The Vatican expected 1 million people to gather in St. Peter's Square and along roads leading to St. Peter's Basilica for the Mass of canonization of John Paul II and John XXIII.
The Vatican's official website said civil security forces are prepared and the subway system will run nonstop this weekend to accommodate the influx of pilgrims for the three-hour Mass expected to start at 3:30 a.m. ET Sunday.
Two living popes will be present -- a rare occurrence. Pope Emeritus Benedict XVI, who resigned from the papacy a year ago, was invited by Pope Francis but will not be at the altar.
Vatican spokesman Father Federico Lombardi said as many as 150 cardinals and 1,000 bishops would attend the canonization ceremony, as well as 24 heads of state, Vatican Radio reported.
John XXIII (1881-1963) -- known as Angelo Giuseppe Roncalli before he became Pope -- was one of 13 children born into a family of Italian peasants, farmers from a tiny village in the country's north, before being sent away to study for the priesthood at age 11.
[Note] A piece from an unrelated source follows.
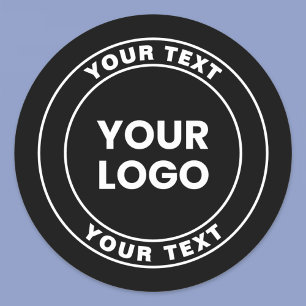 Adesivo Redondo Seu logotipo carregado + texto circular em negrito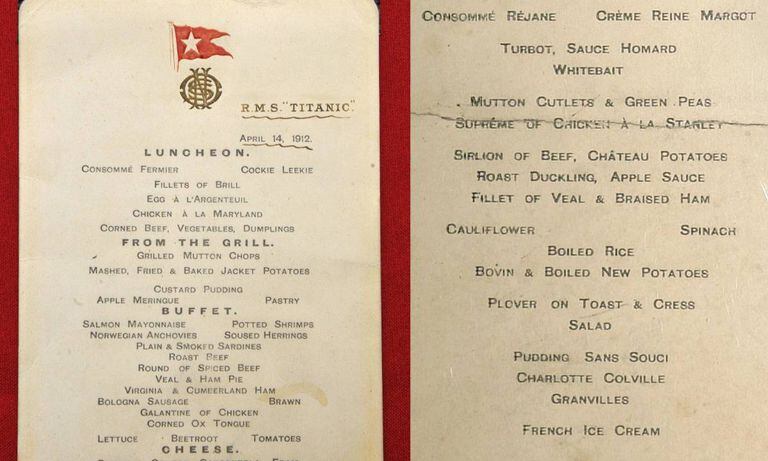 Dos de los menús que ofrecieron en el Titanic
John Paul II (1920-2005), born Karol Jozef Wojtyla, was brought up in a grimy industrial town in Poland and raised by his soldier father after his mother died when he was just 8-years-old. He spent his formative years living under first Nazis, then Communists.
His beatification is the quickest in modern times, made possible because Benedict -- who succeeded John Paul in 2005 -- waived the normal five-year waiting period after death to get someone's beatification rolling.